** What the task asks **
Only the pictures are to be omitted; every entry beneath should otherwise be duplicated exactly.
------ Provided information
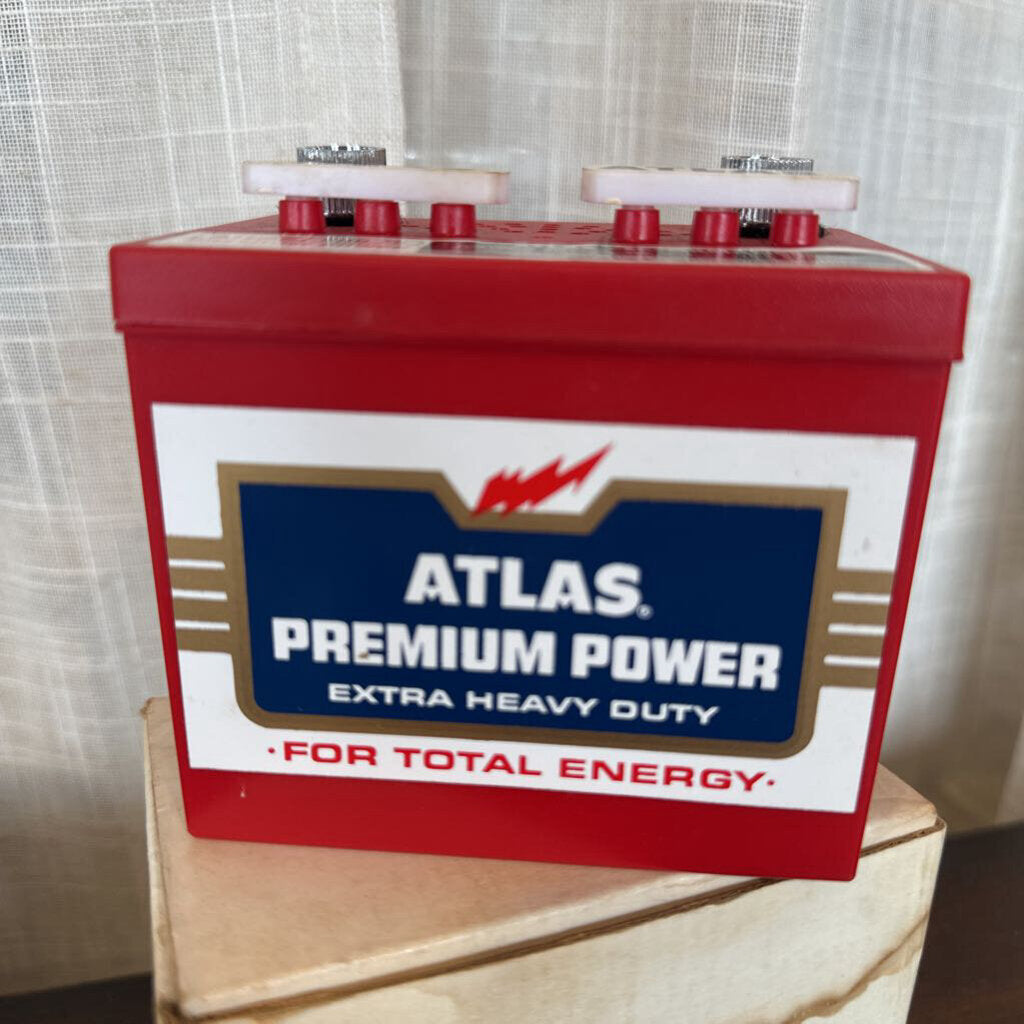 1960s Working Atlas Battery Promo AM Radio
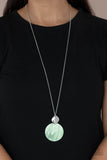 Paparazzi "Tidal Tease" Green Necklace & Earring Set Paparazzi Jewelry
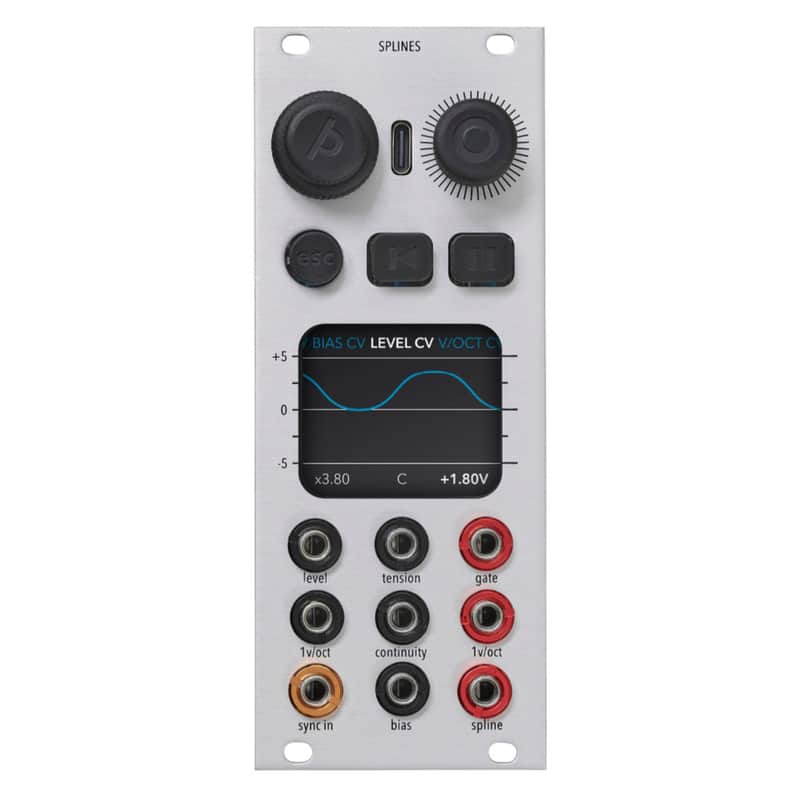 thorn.audio splines eurorack visual vector curve module (Silver) image 1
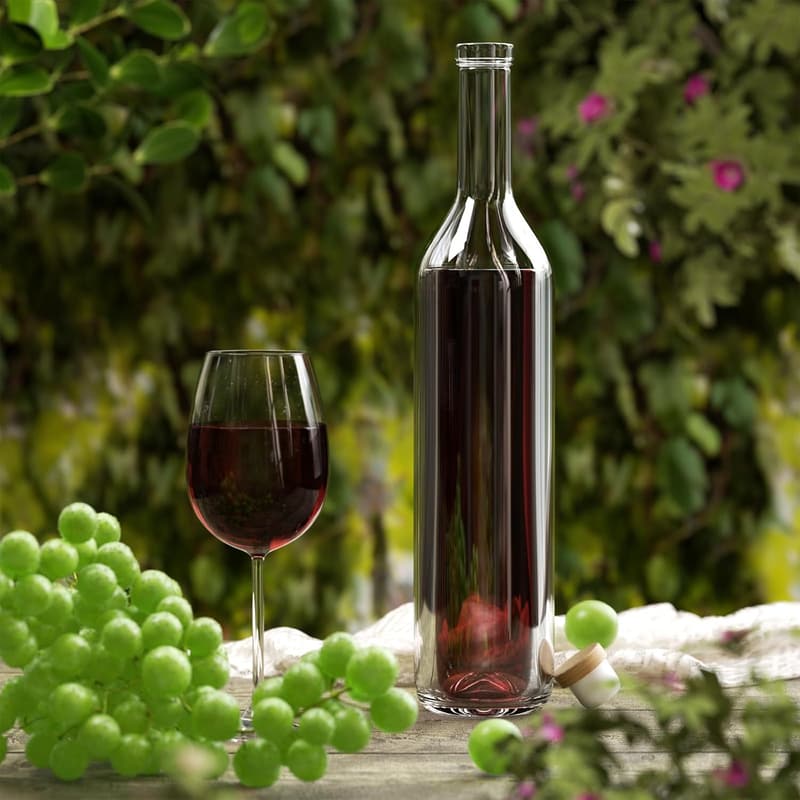 Set mit 10 Glasflaschen (750 ml) mit Korkdeckel und Verschlusskappen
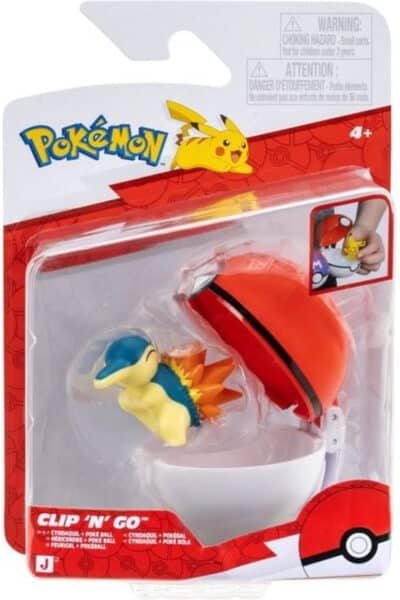 Cyndaquil Clip 'N' Go med Poke Ball – sæt i emballage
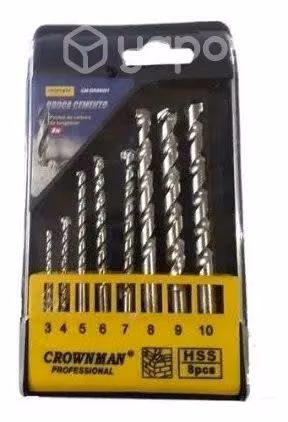 Set 8 Brocas para Concreto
------------
** Expected output **
 1960s Working Atlas Battery Promo AM Radio
 Paparazzi "Tidal Tease" Green Necklace & Earring Set Paparazzi Jewelry
 thorn.audio splines eurorack visual vector curve module (Silver) image 1
 Set mit 10 Glasflaschen (750 ml) mit Korkdeckel und Verschlusskappen
 Cyndaquil Clip 'N' Go med Poke Ball – sæt i emballage
 Set 8 Brocas para Concreto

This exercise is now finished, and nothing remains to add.